Recently, critic Steven Beattie reviewed a mystery novel that was written in the form of a screenplay (for a documentary being made about a murder) and accompanying emails / text messages. This is kind of stylistic experimentation that could be dismissed as nothing more than an updating of the epistolary novel, or as something new and daringly contemporary. Whether this debate happens remains to be seen, but I’d like to frame a discussion in terms that are rarely employed, the first being the specifics of literary production in Canada (Steven and I are both Canadian), and second a generalized attitude toward novel production in international publishing — that is, those novels which receive international acclaim and distribution.

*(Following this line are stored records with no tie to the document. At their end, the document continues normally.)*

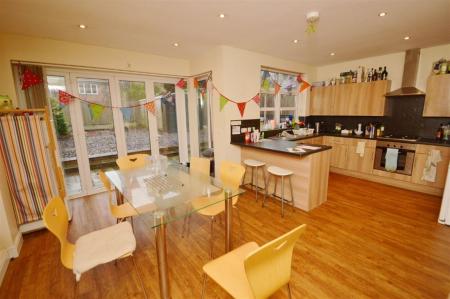 6 bed student house to rent on Old Lansdowne Road, Manchester, M20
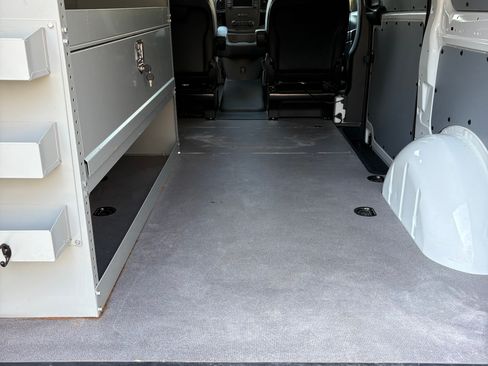 Used 2023 Mercedes-Benz Metris image 16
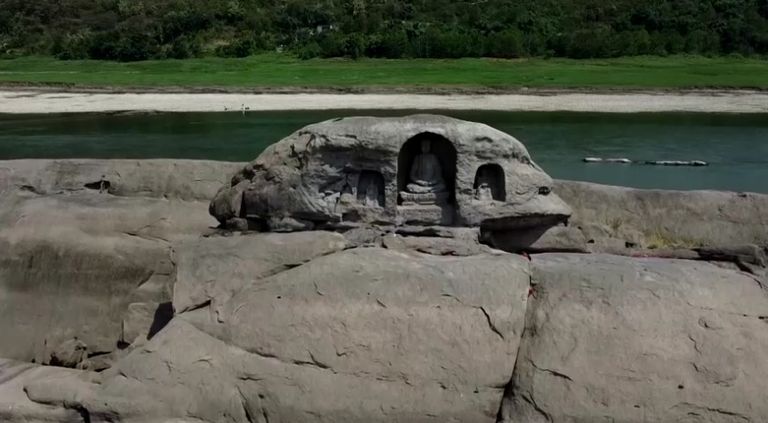 التماثيل البوذية المكتشفة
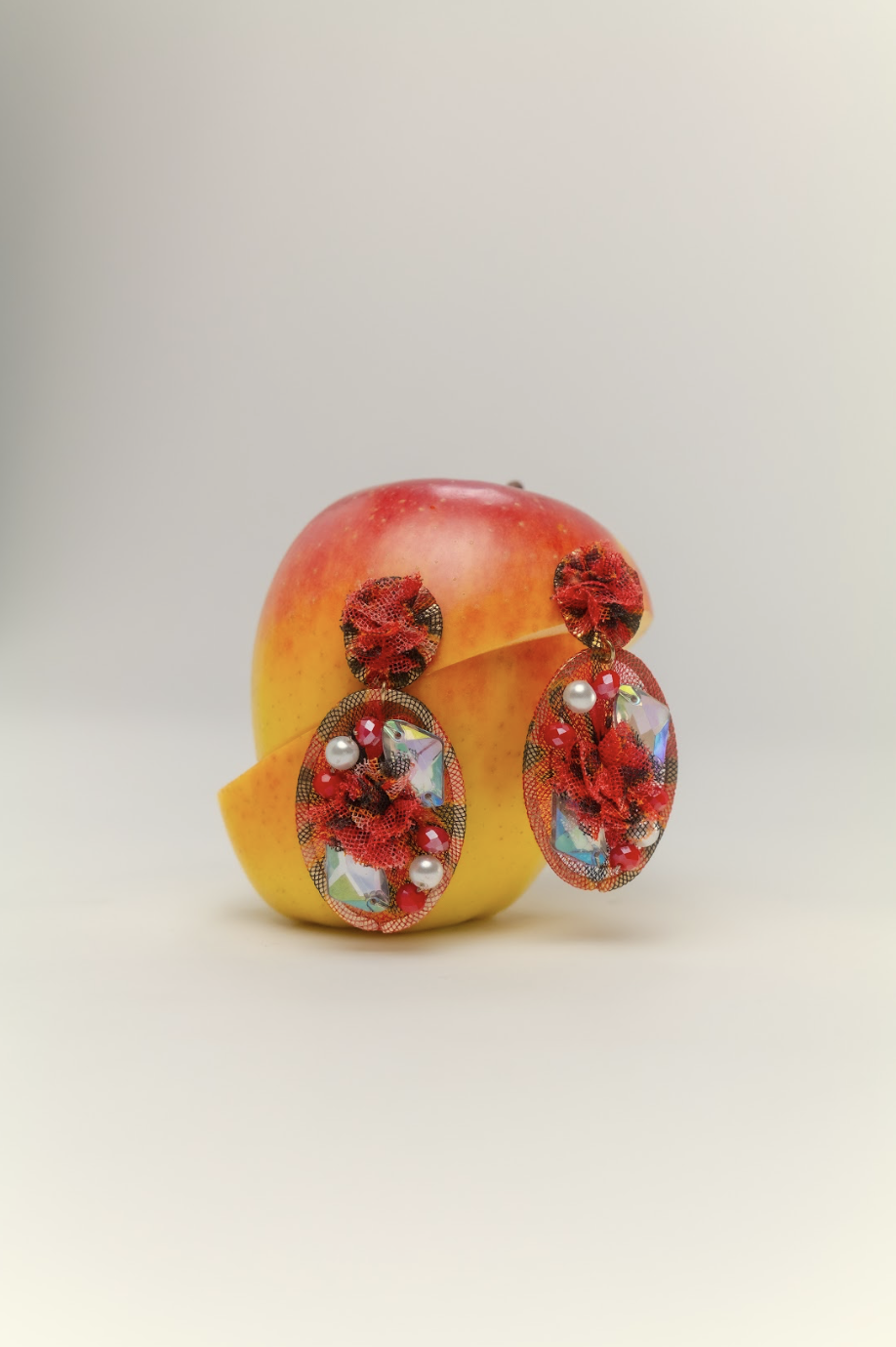 Multi-Dimensional handmade art dangle earrings, mesh + beads from Talking Fashion on Ela é.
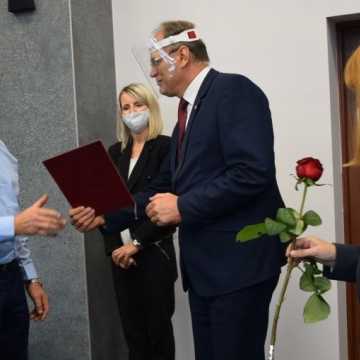 Pracownicy oświaty odebrali nagrody z rąk prezydenta Radomska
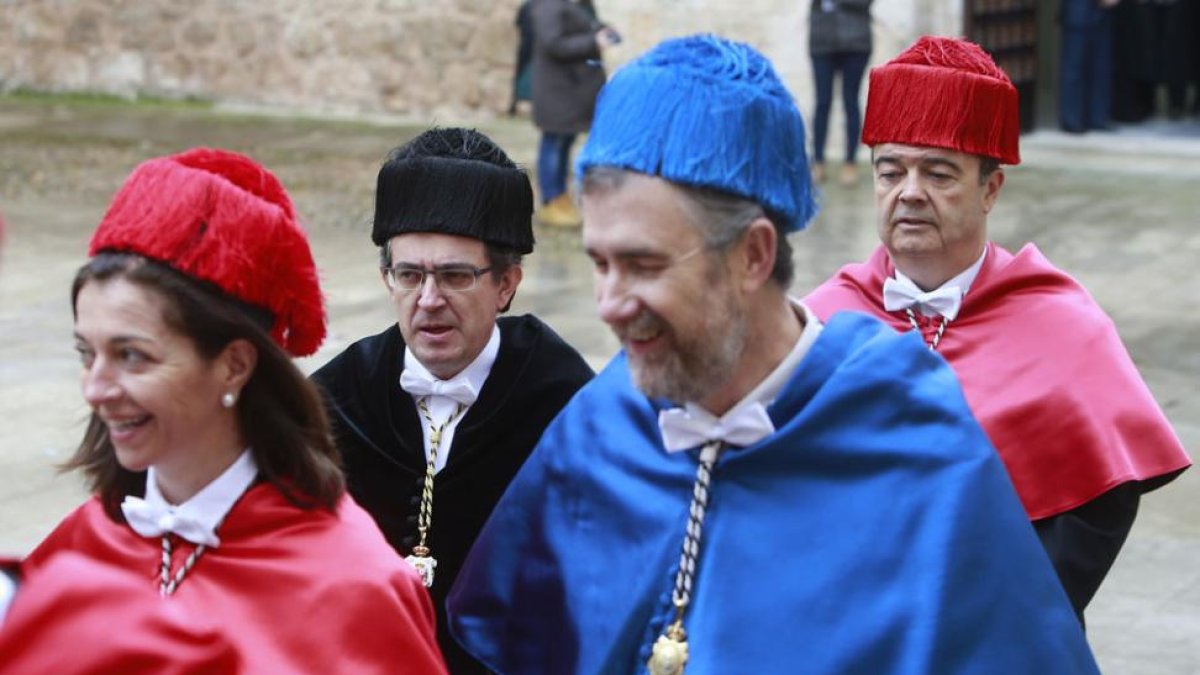 El rector, en el centro, entre Elena Vicente y Manuel Pérez Mateos.-RAÚL G. OCHOA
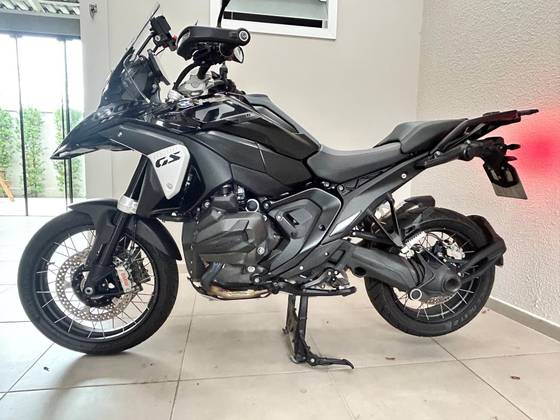 BMW R 1300 GS TRIPLE BLACK 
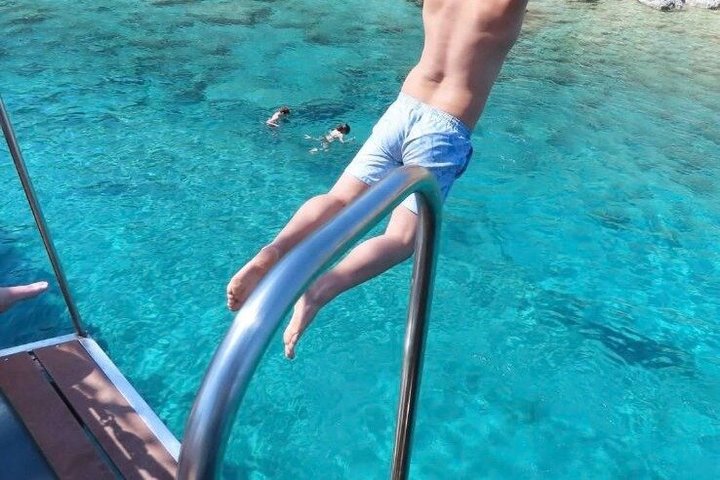 Cruzeiro de luxo em barco explorando ilhas e nadando em águas cristalinas perto de Kos, foto 34 | wizardtrip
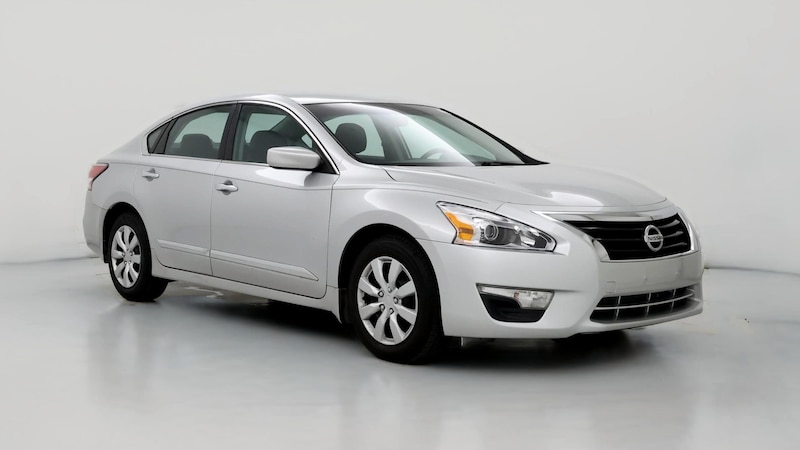 2015 Nissan Altima S Hero Image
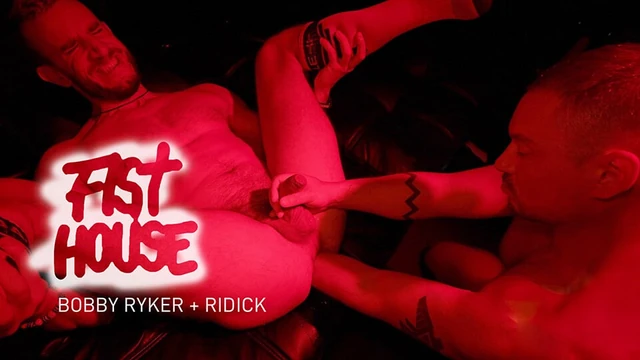 Turning Ridick's cunt inside out with some good deep ffist ffucking at STUDFIST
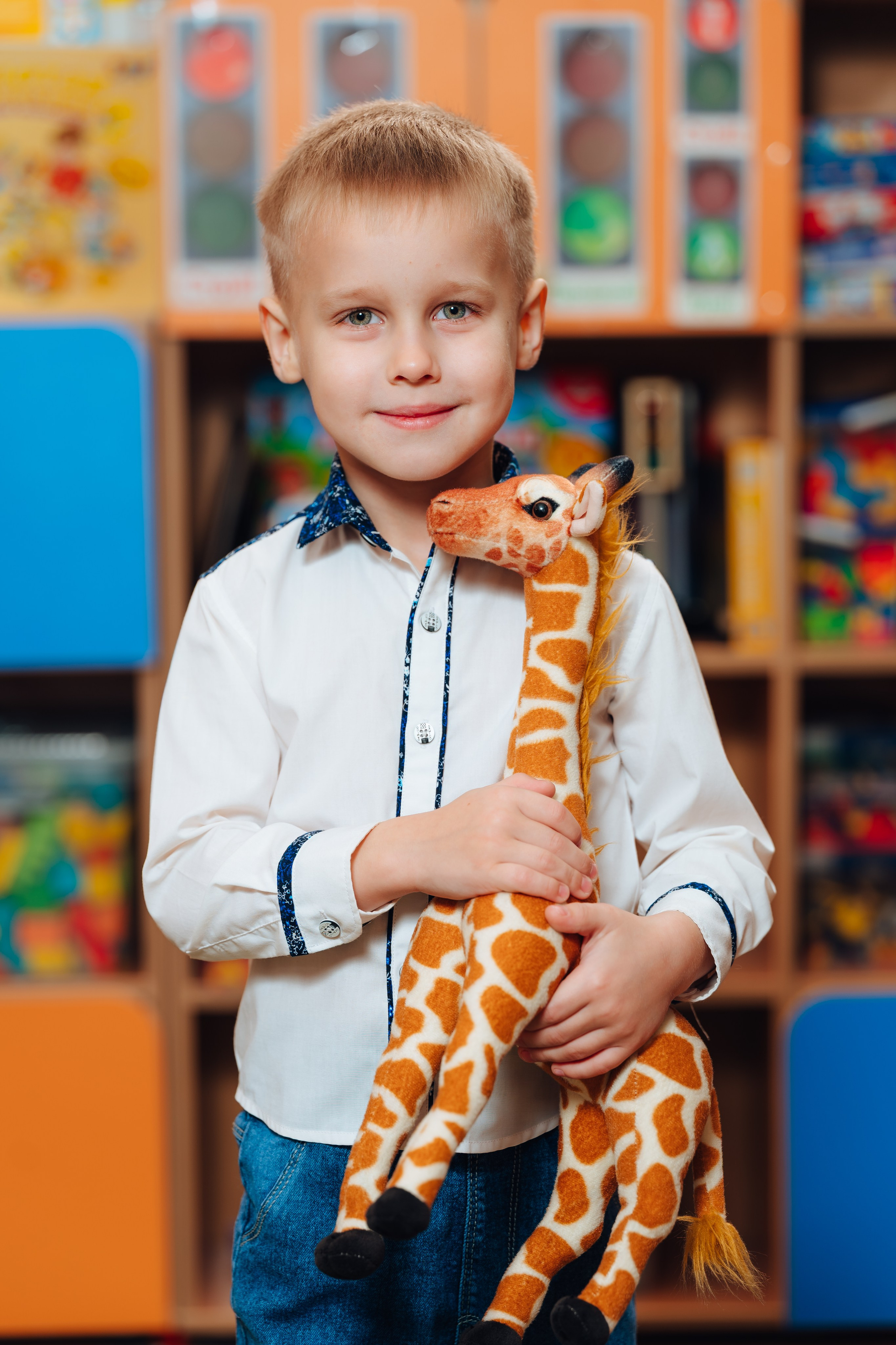 Портреты в интерьере группы. Детский и семейный фотограф Катерина Мишина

Canadian novel production is considered almost exclusively the result of Canadian / québécois owned publishing houses. This perception seems logical enough on its surface, since, after all, who will publish books but book publishers? However, what outsiders to the scene tend not to recognize (and insiders are not eager to acknowledge) is Canadian books are remarkably unpopular among Canadian book buyers; the book and magazine industry used to have 25% of the Canadian market — it now has 5% … a decline that’s led some to claim Canadian publishing is « dead ». That characterization is clearly unfair ; Canadian publishing produces approximately 20,000 new titles a year. But its market share remains embarrassingly low, especially when compared to other countries. One publishing insider described the performance of the Canadian industry as being « the worst in the literate world ».

What, then, is to be done? How can Canadian books gain more of the share of the book market in their own territory?